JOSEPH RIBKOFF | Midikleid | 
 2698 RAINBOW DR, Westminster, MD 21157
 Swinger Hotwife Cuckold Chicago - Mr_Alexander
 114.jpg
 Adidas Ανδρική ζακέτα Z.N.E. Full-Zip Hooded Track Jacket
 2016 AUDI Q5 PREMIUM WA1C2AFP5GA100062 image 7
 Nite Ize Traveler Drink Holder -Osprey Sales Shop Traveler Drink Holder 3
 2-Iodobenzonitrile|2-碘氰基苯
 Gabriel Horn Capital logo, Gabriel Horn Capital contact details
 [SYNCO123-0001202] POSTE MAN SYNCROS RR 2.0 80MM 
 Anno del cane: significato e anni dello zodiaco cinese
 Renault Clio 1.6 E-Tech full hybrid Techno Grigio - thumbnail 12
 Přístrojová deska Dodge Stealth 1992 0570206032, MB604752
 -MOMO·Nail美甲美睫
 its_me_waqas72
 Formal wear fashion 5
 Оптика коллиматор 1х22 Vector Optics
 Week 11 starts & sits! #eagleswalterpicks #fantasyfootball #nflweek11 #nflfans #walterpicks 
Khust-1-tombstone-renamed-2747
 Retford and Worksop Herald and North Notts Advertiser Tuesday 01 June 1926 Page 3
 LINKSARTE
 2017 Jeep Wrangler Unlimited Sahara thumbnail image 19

______________________________

• Goal of the exercise:
Beginning with the line that contains "Anno del cane: significato", retype every remaining line of the listing exactly, ending with the last one.

• Exercise result:
 Anno del cane: significato e anni dello zodiaco cinese
 Renault Clio 1.6 E-Tech full hybrid Techno Grigio - thumbnail 12
 Přístrojová deska Dodge Stealth 1992 0570206032, MB604752
 -MOMO·Nail美甲美睫
 its_me_waqas72
 Formal wear fashion 5
 Оптика коллиматор 1х22 Vector Optics
 Week 11 starts & sits! #eagleswalterpicks #fantasyfootball #nflweek11 #nflfans #walterpicks 
Khust-1-tombstone-renamed-2747
 Retford and Worksop Herald and North Notts Advertiser Tuesday 01 June 1926 Page 3
 LINKSARTE
 2017 Jeep Wrangler Unlimited Sahara thumbnail image 19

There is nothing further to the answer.